Такой подход как нельзя точно совпадает с профессиональными интересами филолога, знатока античности, стиховеда. Гаспаров пишет о том, что дешифровка любого текста должна касаться всех доступных контекстов – биографического, исторического, бытового, культурного, лингвистического, жанрового и т. д. Не это ли ключ к прочтению «Записей», вкладываемый автором читателю в руки? Ведь настоящая книга представляет собой как сплав вышеперечисленных контекстов, так и, пользуясь определением ее автора, своеобразное «практическое развертывание концепции». Гаспаров будто бы находится где-то по центру между крайними полюсами, при этом двигаясь в двух направлениях одновременно. Посему так примечательна антидогматичность любого его высказывания, учитывающего и логику, и чувственную одухотворенность, но не тяготеющего к главенству иррационального над рациональным. Посильное стягивание полюсов – до точки: «Что я делаю там, в той точке, где скрещиваются лучи? То, что делает переключатель на стыке проводов» (эссе «Обязанность понимать»). Это не совсем то, что М. Эпштейн называет «альтернативным сознанием», хотя тоже опирается на принципы дополнения и отстранения, но не отсекая и преодолевая, а объемля и усваивая. Согласование, расширение, акцентирование, сопоставление, систематизация и выявление нового – все это составляет научно-творческий подход Гаспарова, проистекающий из понимания текстового характера культуры.
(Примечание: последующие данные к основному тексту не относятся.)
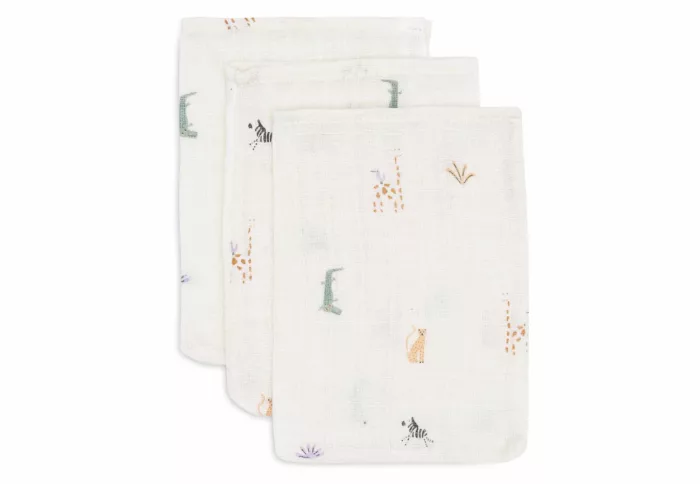 Gant de Toilette Gaze de Coton - Jungle Jambo - 3 Unités (Jollein)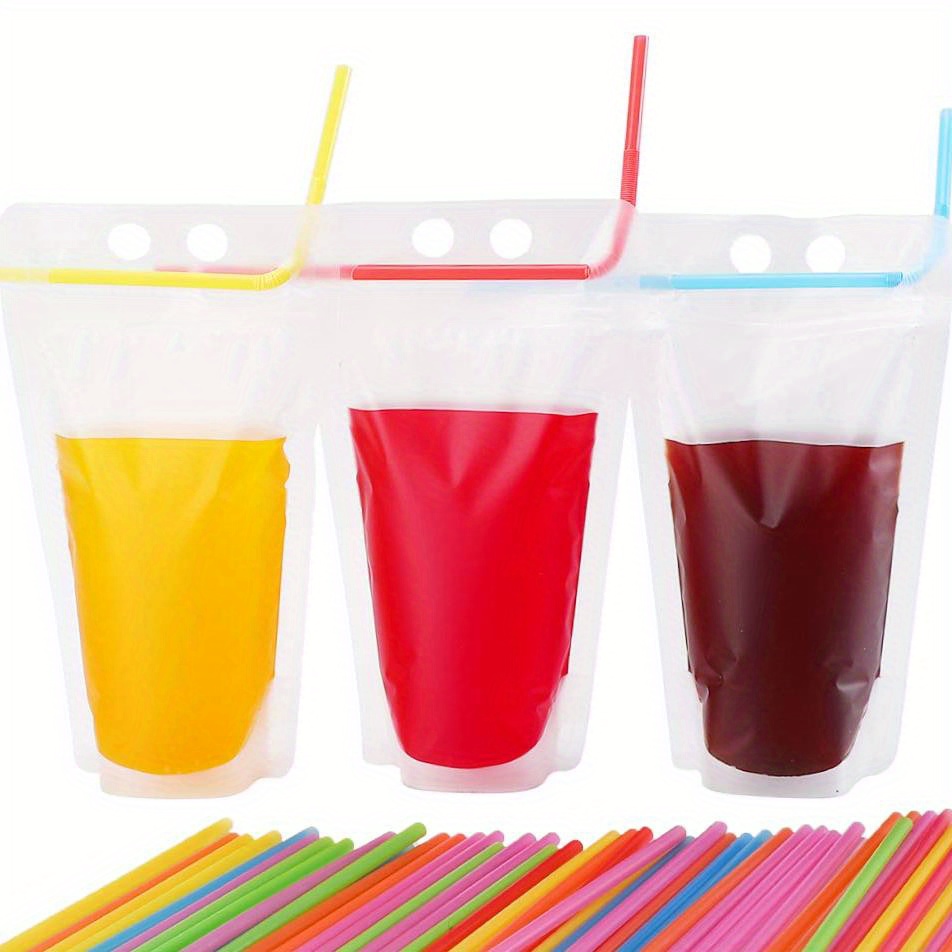 10pcs Drink Pouches(Without straw) - Perfect For Cold & Hot Drinks For  Adults & Kids! 500ml Reusable Juice Bags - Clear Drink Pouches With  Disposable For Easy Storage, Reusable Juice Bags 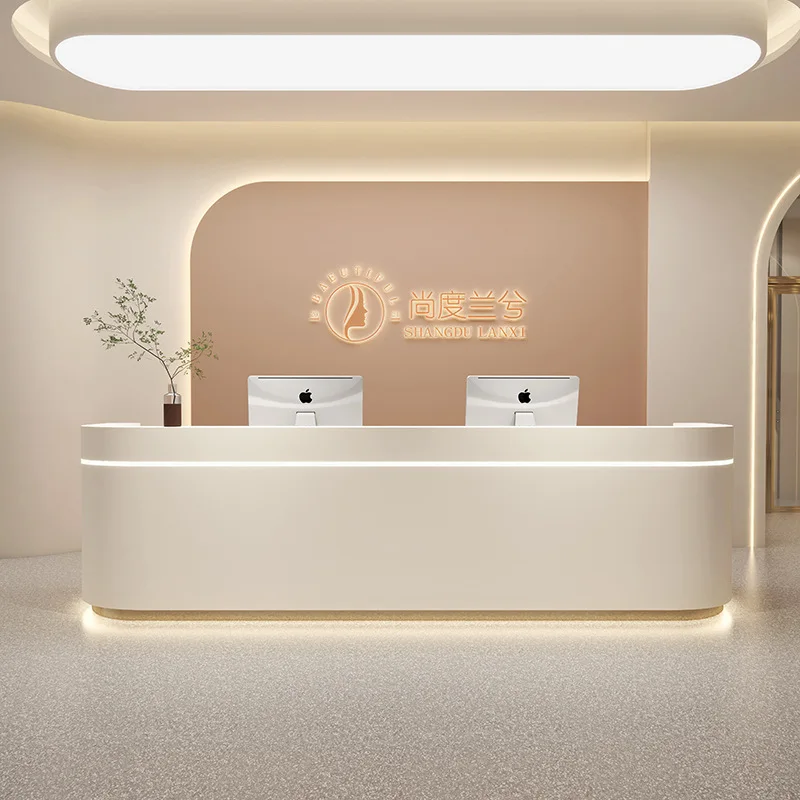 Luxury Sophistication Reception Desk Load-bearing Solid Reception Desk Premium Reinforced Office Furniture Mesa De Recepção LJ40
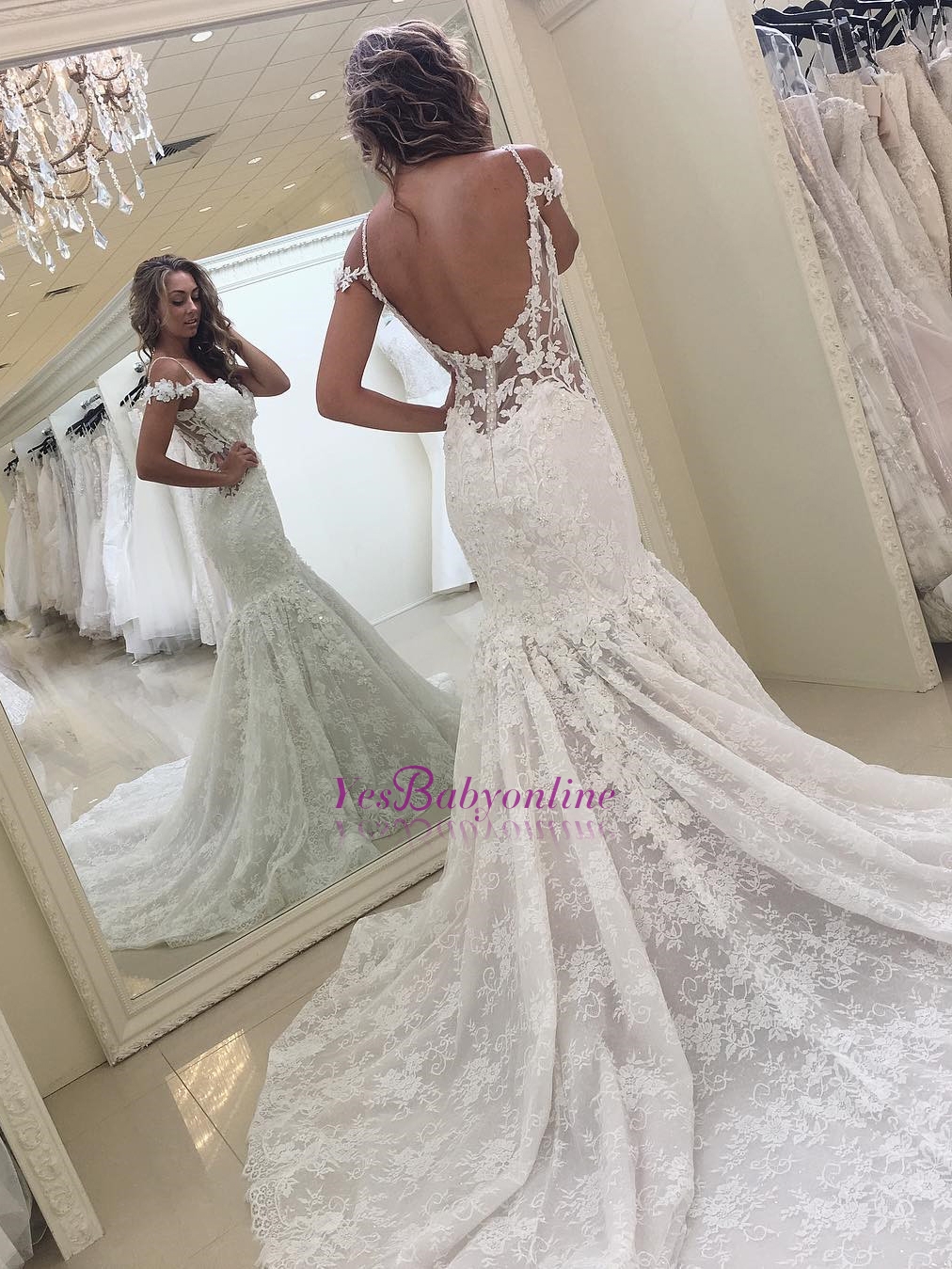 Mermaid Off-the-shoulder Short Sleeves Sweep / Brush Train Wedding Gown With Lace 3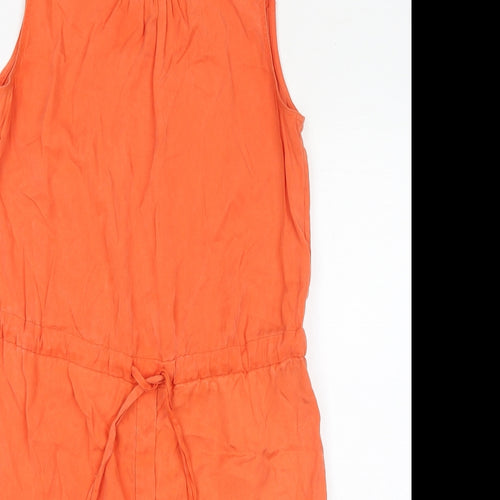 Gap Womens Orange Lyocell Tank Dress Size M Round Neck Button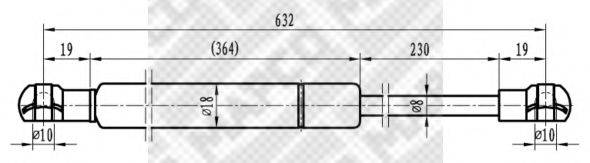 MAPCO 91405 Газова пружина, кришка багажника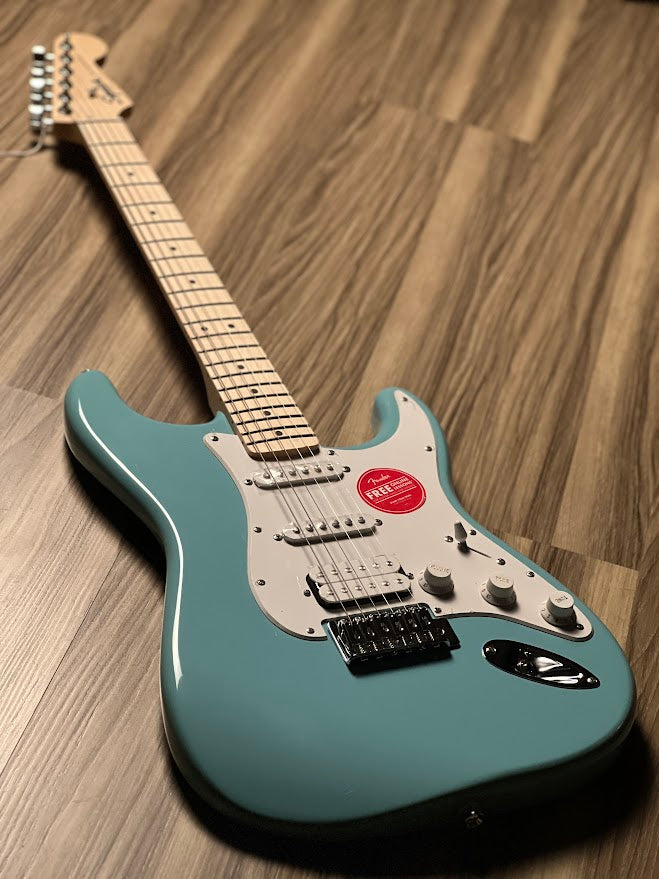 Squier FSR Sonic Stratocaster HSS Electric Guitar w/White Pickguard with Maple FB in Tropical Turquoise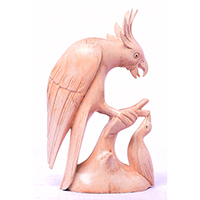 Wooden Bird With Baby, Handmade From Hibiscus Wood With Natural Polished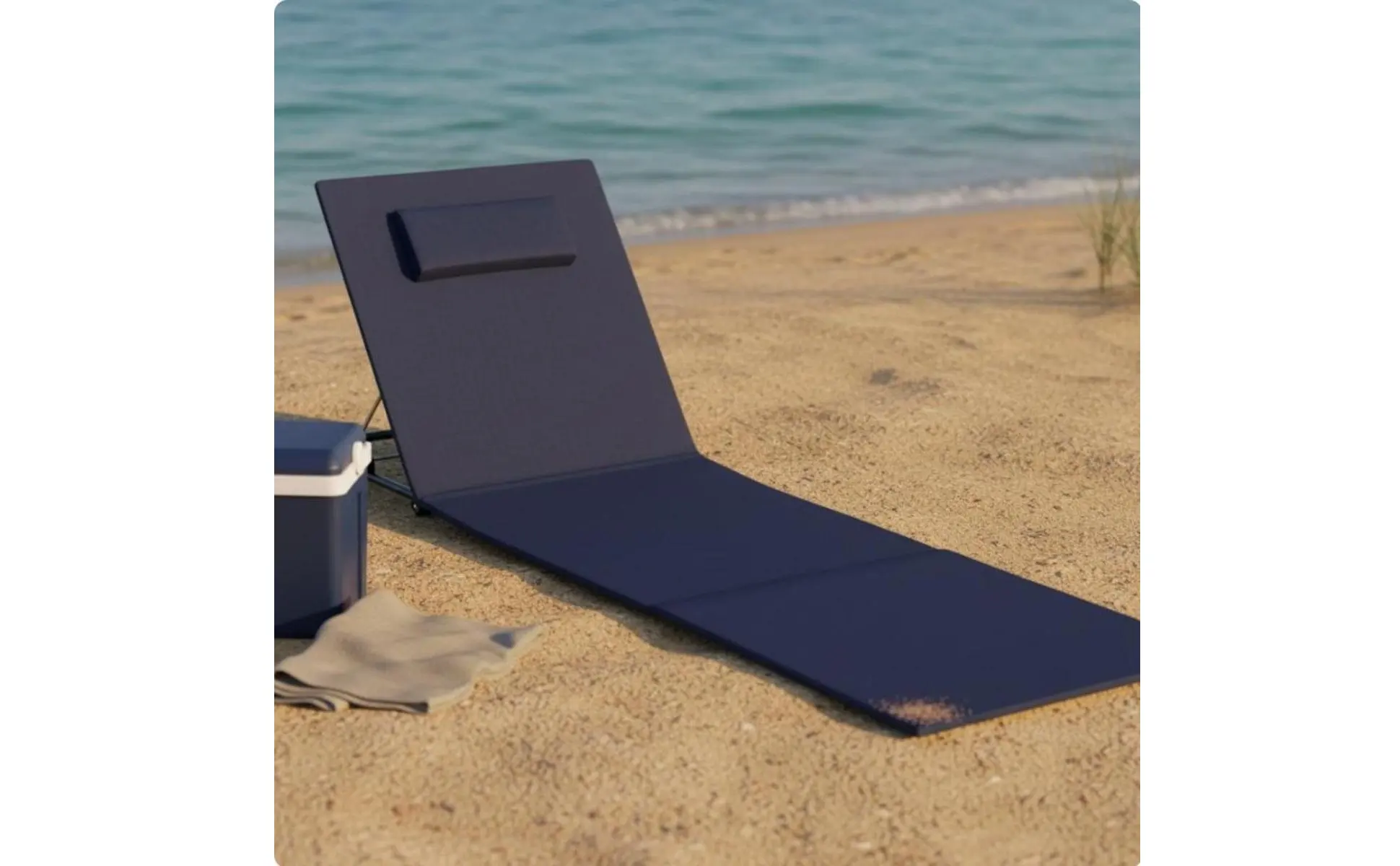 Portable Beach Lounger Foldable Folding Beach Lounger Adjustable Ground Chair Built-in Pillow Camping Floor Seat Storage Pocket
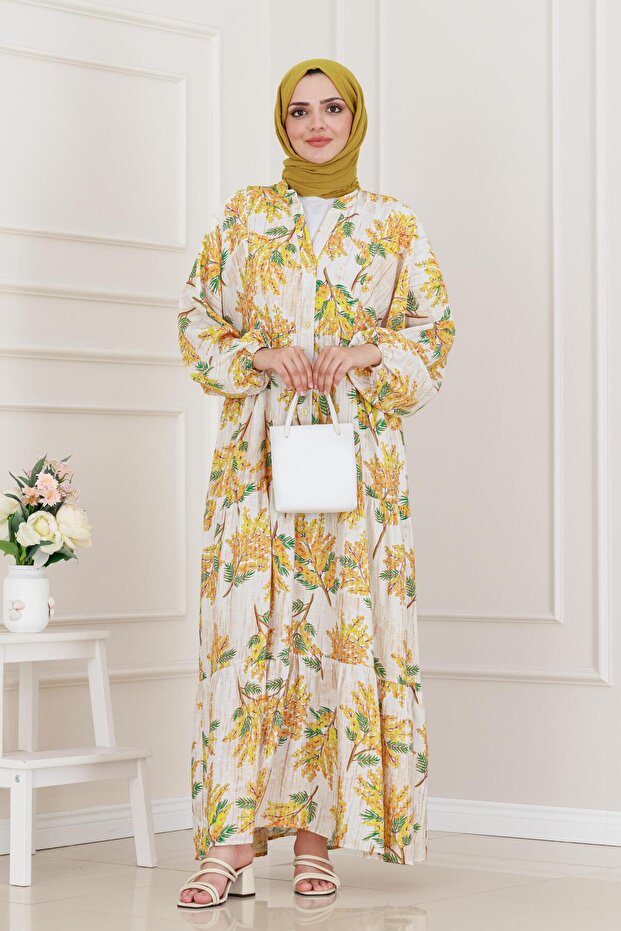فستان ميموزا منقوش بنصف أزرار - أصفر - 2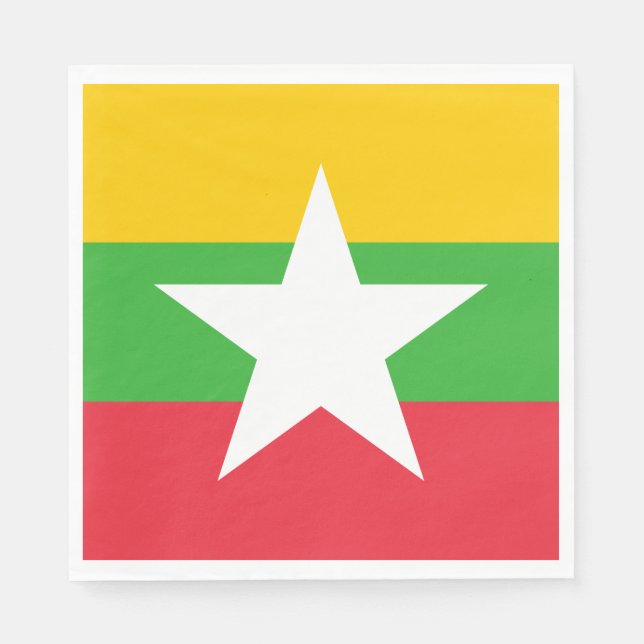 Myanmar Flagga Pappersservett (Framsidan)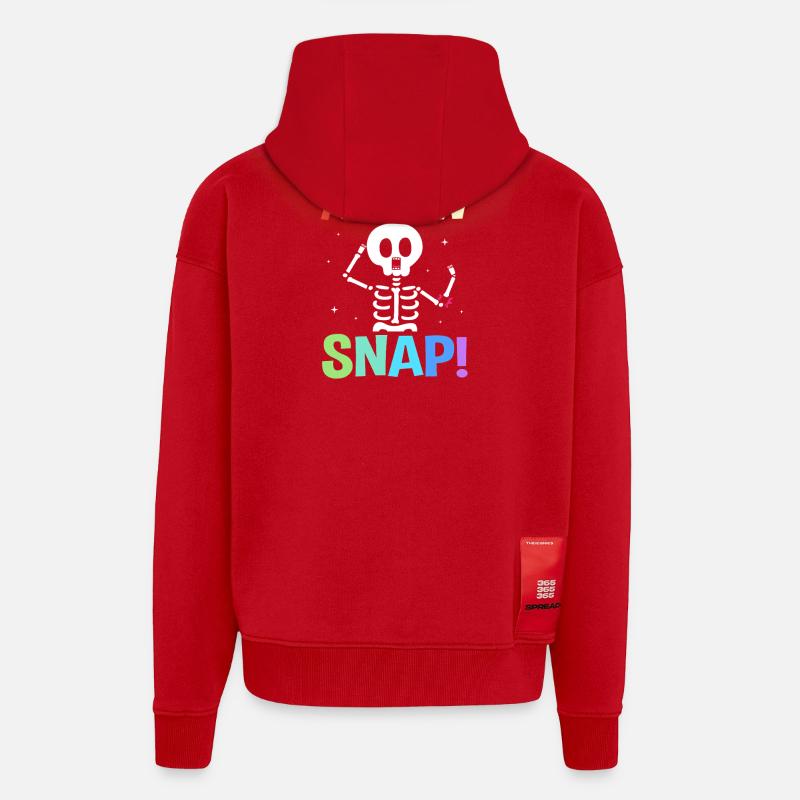 Knochenbruch Halloween Skelett Knochen Armbruch - Zip Hoodie - made by SPREAD - Rot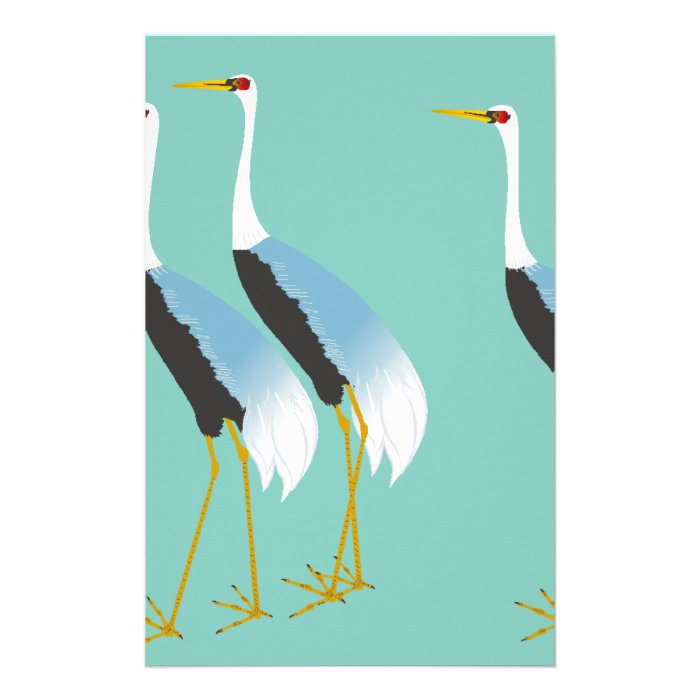 red crowned crane personalized stationery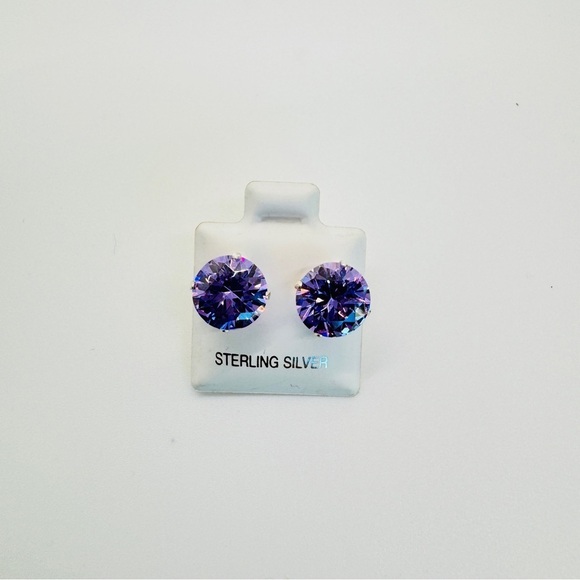 Jewelry - Brand New 10mm Lavender Round CZ Stud 925 Sterling Silver Earrings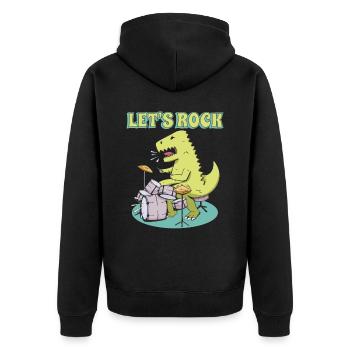 Grosse caisse T- Rex Dinosaure - Veste à capuche bio Premium Unisexe - noir - Dos - Nico (187cm)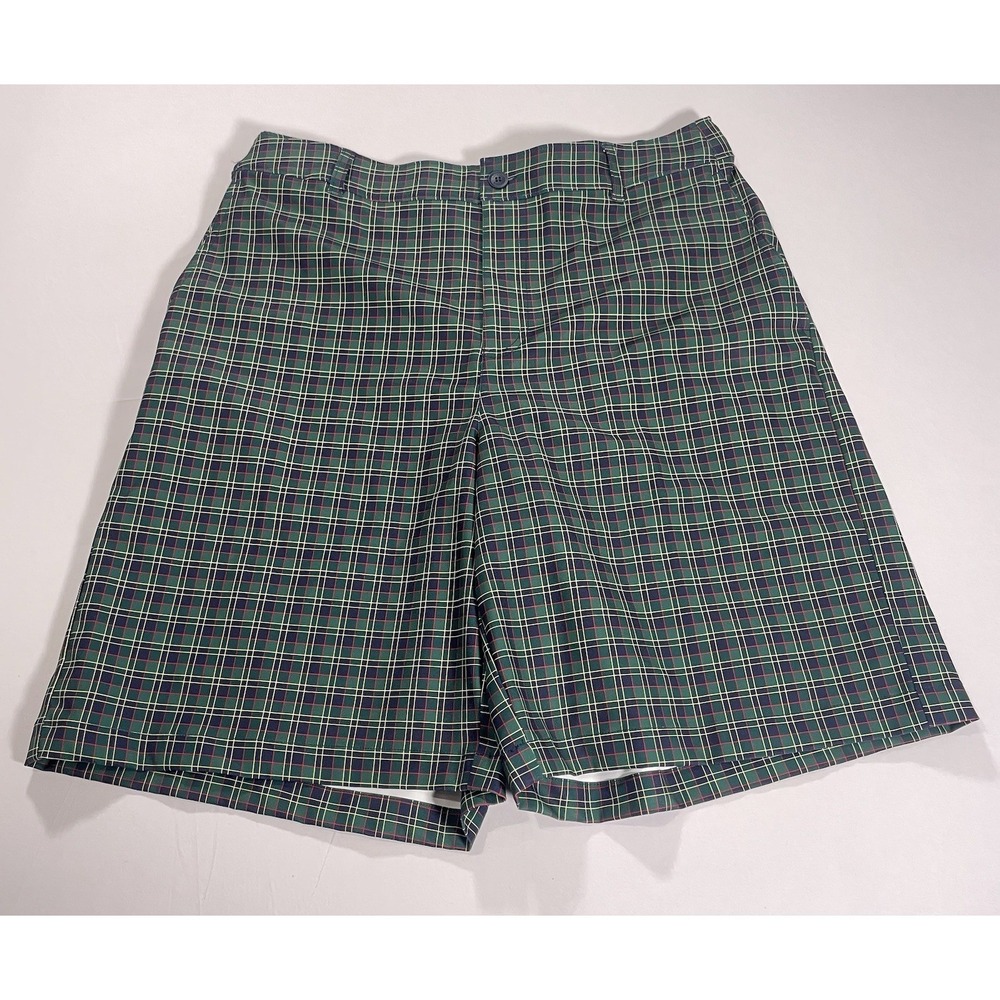 Lacoste Sport Men's Relaxed Fit‎ Ultra Dry Green Plaid Golf Shorts Size 38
Движение зачастую предполагает преодоление материала, препятствий на пути, стены, пролегающей между людьми, языками, культурами. Отчасти роль таких «препятствий» в «Записях» выполняют противоречия, которыми наполнена книга – в высказываниях о патриотизме или о любви, например, вообще обо всем чувственном (любопытно, что в «непрофессиональных» оценках Гаспарова превалирует эмоциональный окрас: «скучный Фет», «хаотический Бальзак», «удушающий Пруст»). Любая требующая разгадки тайна для Гаспарова имеет несколько возможных решений. И дело не в отсутствии позиции, а во всеохватности взгляда, ибо если автор и отрекается от чего-либо, то только от себя и своего. «Я существую только по попущению общества. <…> единственное мое заведомо личное право – умереть с голоду. Все остальные права – даренные», – это горькое и трезвое признание говорит о конкретном месте и времени и о зыбкости – не позиции говорящего, а факта его существования. Самоотречение как способ бытия прежде всего важно для открытости, без которой невозможно понимание чужого и дальнего; оно, согласно Аверинцеву, сравнимо с «шансом дышать ‘большим временем’ вместо того, чтобы задыхаться в ‘малом’». Гаспаров пишет о необходимости отдаления «от взгляда изнутри к взгляду издали», отказа от «недоказуемых постулатов вкуса». Кажется, мало кто из коллег-филологов до него (возможное исключение – Аверинцев) с такой настойчивостью говорил о посильном избавлении от субъективного, об отстранении не как о залоге объективного видения, в принципе невозможного, но как о залоге понимания литературы, искусства, культуры в целом, как о «фундаменте взаимопонимания» между эпохами.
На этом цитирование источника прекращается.